Vornado is designated to develop five of eight office sites, where some buildings will be demolished and tenants evicted. That includes the hotel’s demolition, which will be completed by the end of the year. And as it moves forward with its plans, the company also considers the possibility of joining New York’s casino race for three downstate licenses.
“We are studying the possibility of applying for a casino license [in the Penn Station area], but we have no deal in place,” a Vornado spokesperson told The Post. “Our most important criterion for any project is that it meets the economic development objectives and produces the transit and public improvements set forth in the state’s General Project Plan.”
While Vornado’s statement didn’t mention a partner, a source confirmed to the cited source that chairman Steven Roth is talking to Midwest gaming mogul Neil Gary Bluhm – the managing principal of Walton Street Capital – who owns or is a partner in several first-class Chicago commercial properties and casinos in Pittsburgh, Philadelphia, Chicago and Schenectady, NY.
Should it truly want in on the action, Vornado will have to act quickly: a first round of questions from prospective bidders is due on February 3. However, no date has yet been set for the submission of applications. If Vornado decides to move forward, it would also pit Roth against “archrival” SL Green, the city’s largest commercial landlord.
SL Green has teamed with Caesars Entertainment in Times Square; while Related Companies and Wynn Resorts are eyeing Hudson Yards. Other developers include Hudson’s Bay Company, which hopes to put a casino at Saks Fifth Avenue; while Mets owner Steve Cohen may possibly team with Hard Rock for one at Willets Point, Queens; and Thor Equities is betting on Coney Island. Las Vegas Sands also confirmed this month it is eyeing Nassau County.
The owners of the existing slots parlors at the Aqueduct race track in Ozone Park, Queens and Yonkers race track — Genting’s Resorts World and MGM’s Empire City — are also set to submit bids, which would expand current offerings to include table games.
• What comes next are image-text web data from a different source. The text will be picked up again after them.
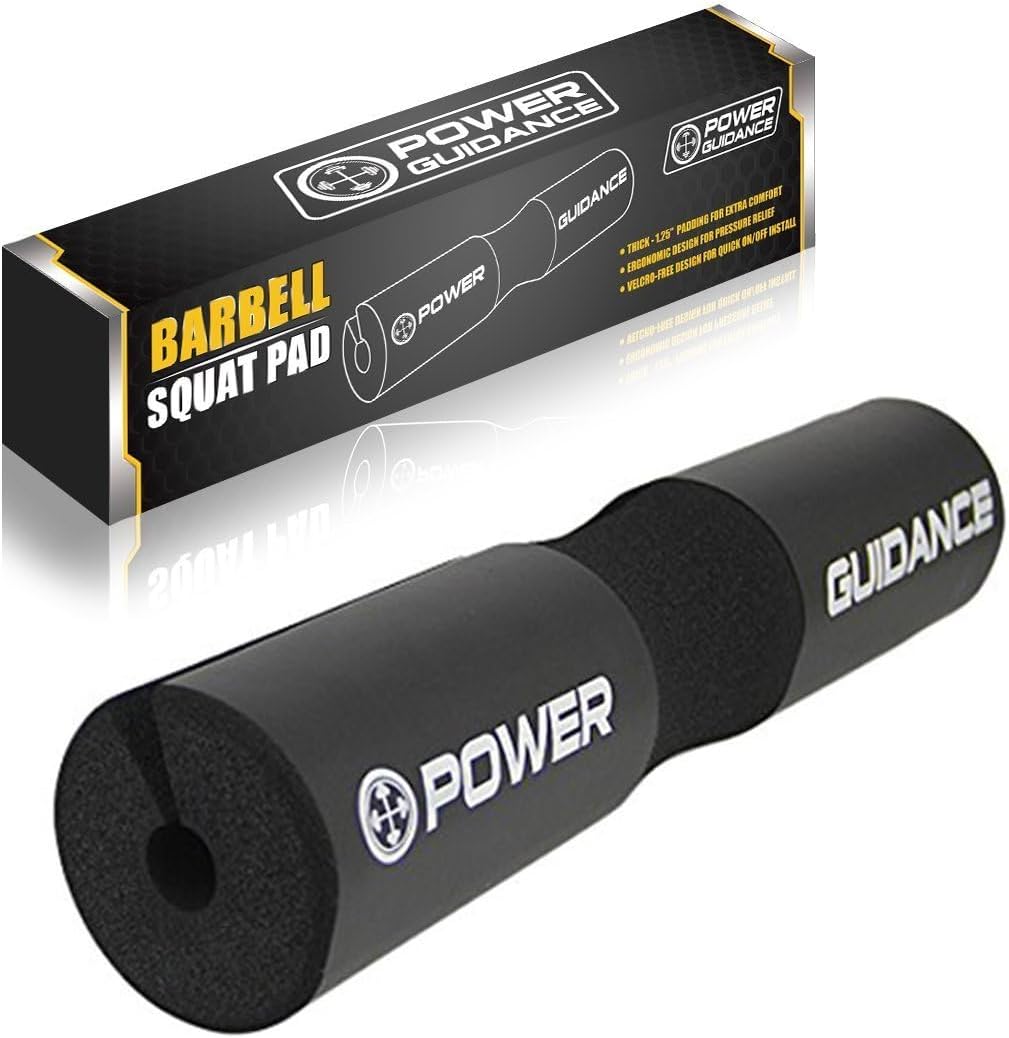 POWER GUIDANCE Barbell Squat Pad - Protective Neck & Shoulder Cushion for Squats, Lunges & Weight Lifting - Fits Standard & Olympic Bars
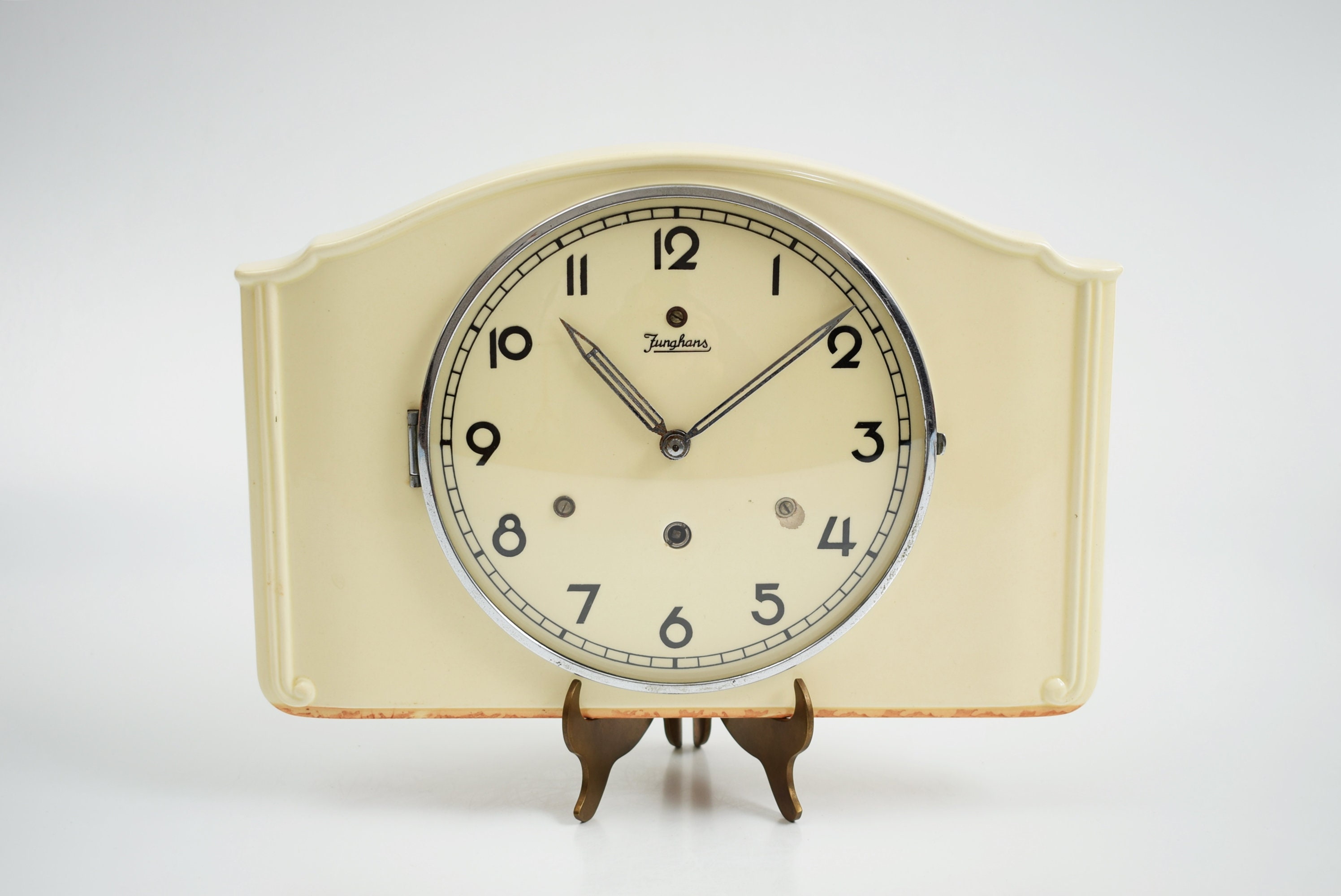 vintage JUNGHANS Mechanical Wall Clock Ceramic 50s 60s Mid Etsy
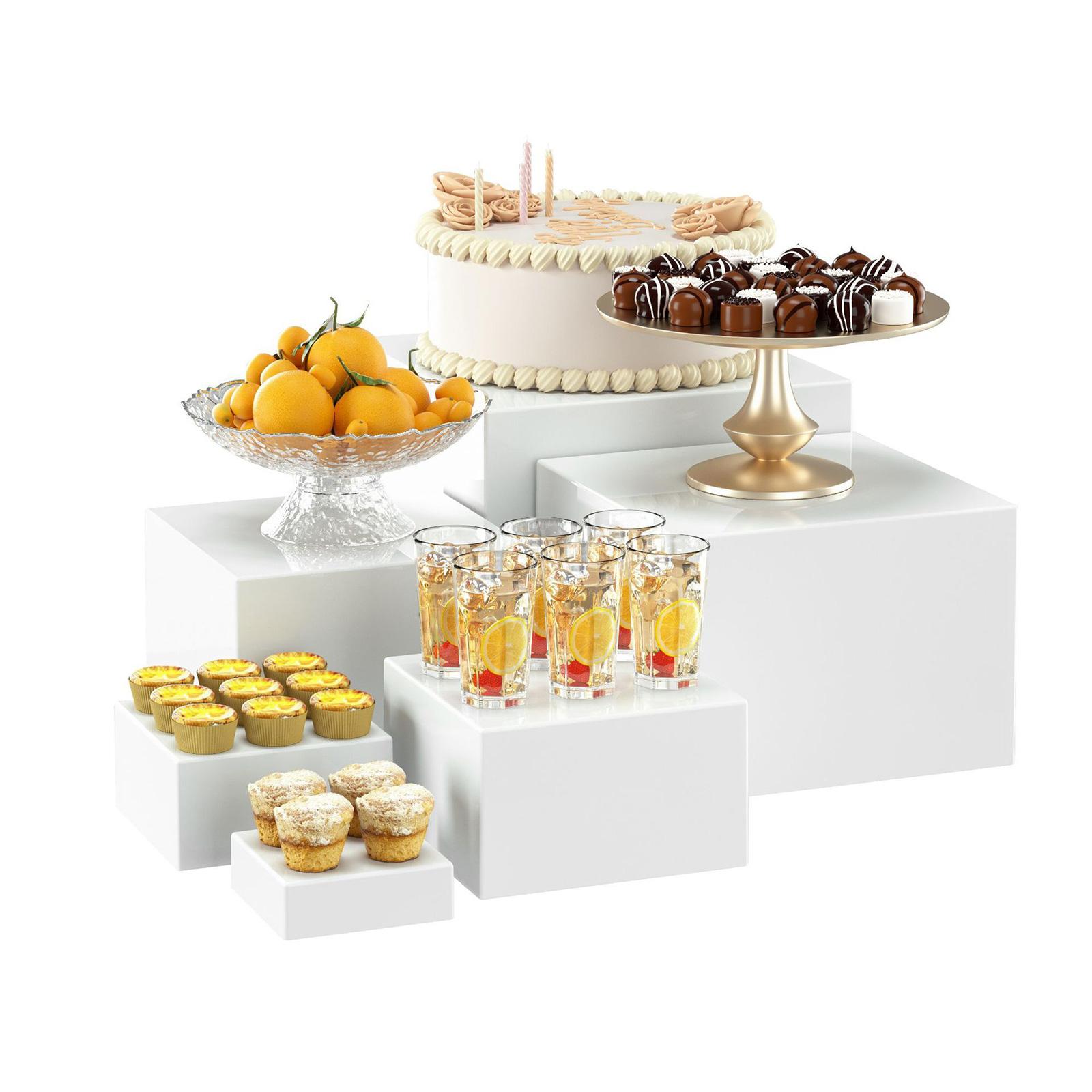 6x Acrylic Buffet Riser Desser - огляд і ціна Display Risers Set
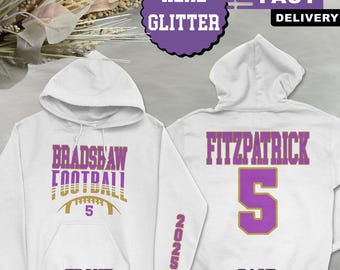 Custom Football Glitter Shirt, Glitter Football Sweatshirt, Mom Gift, Custom Glitter Football Sweatshirt, Name/Number on Back,Football Shirt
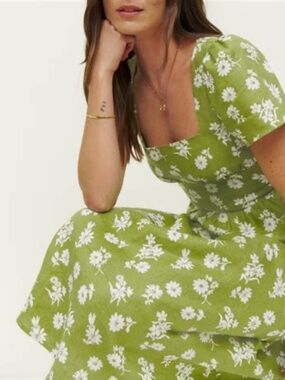 Long A-line Dress by Reformation in Olive Green/White (“Pacome Linen”), size 6.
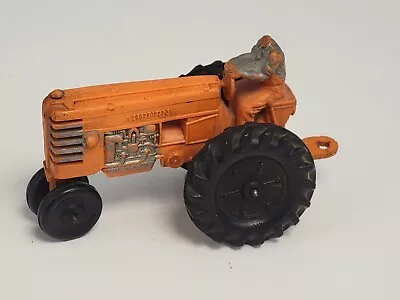 Vintage Auburn Orange W/ Black Wheels Rubber Farm Tractor Toy Miss Farmers Head • $12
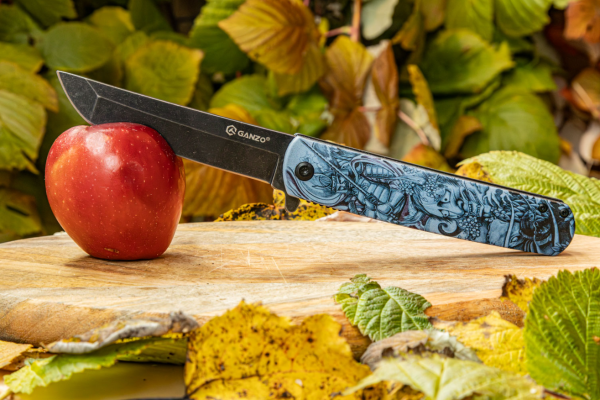 Нож GANZO, G626-GS Серый Самурай, длина клинка 96 мм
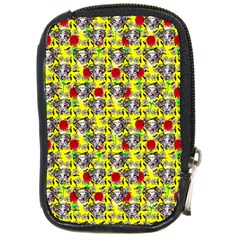 Heart Skeleton Face Pattern Yellow Compact Camera Leather Case by snowwhitegirl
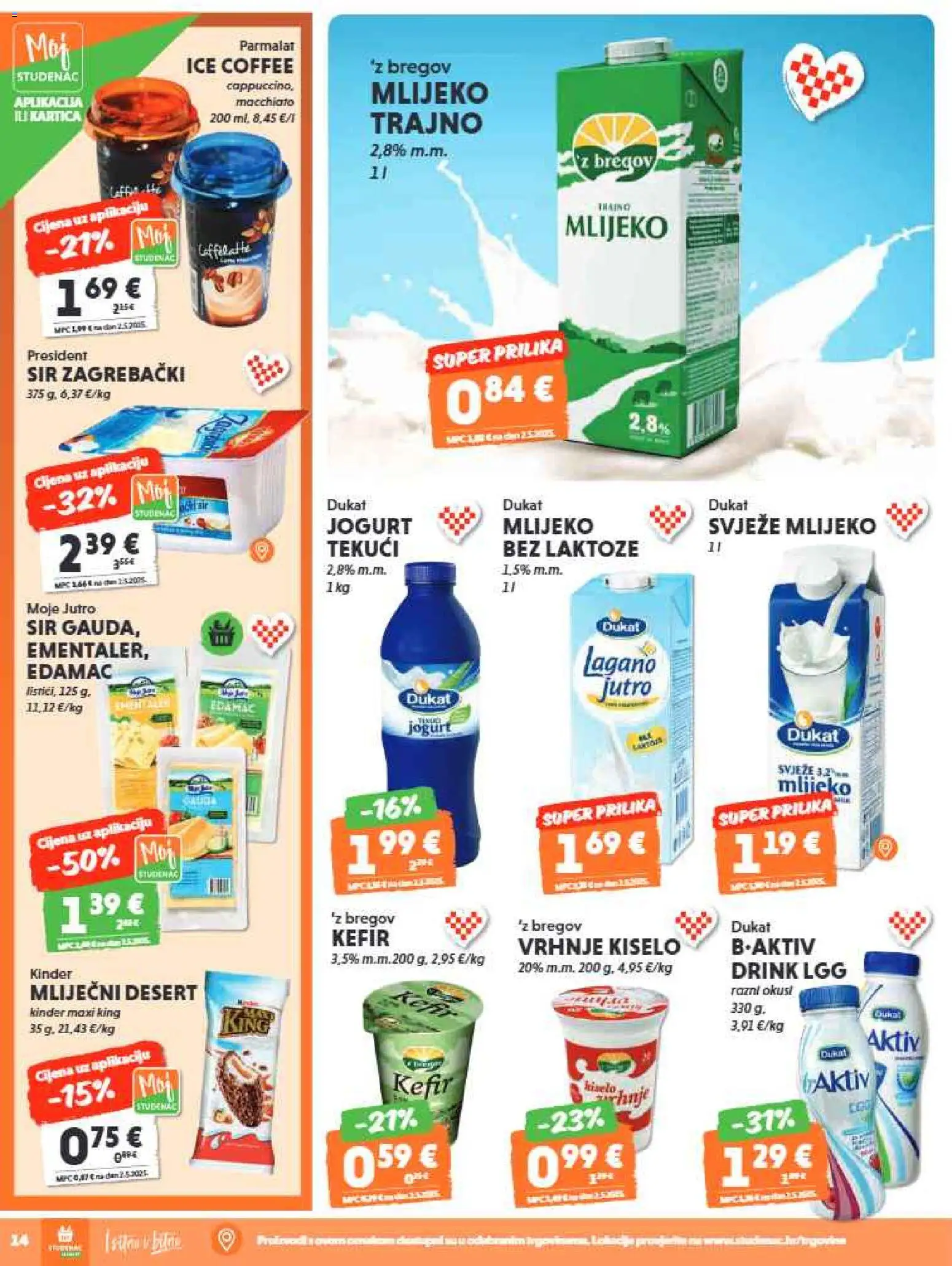 Studenac katalog | vrijedi od 15.07.2026 | Stranica: 14 | Proizvodi: Mlijeko, Sir, Jogurt, Kefir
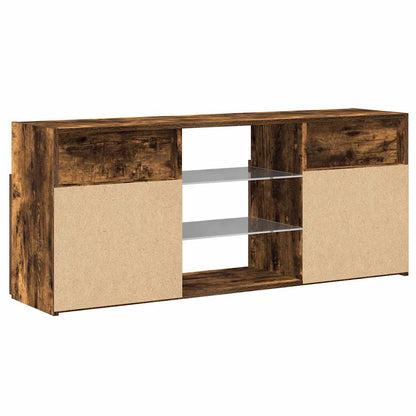 TV Cabinet with LED Lights Smoked Oak 120x30x50 cm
The properties are believed to be solid candidates in the race, as they are established entities known to policymakers.
Another last-minute bid could come from businessman Larry Silverstein, who would put a casino at his so-called Mercedes-Benz site on Eleventh Ave, a source told the New York Post. Each bid will cost applicants $1 million. The state has not said when it will decide on the Big Apple winner.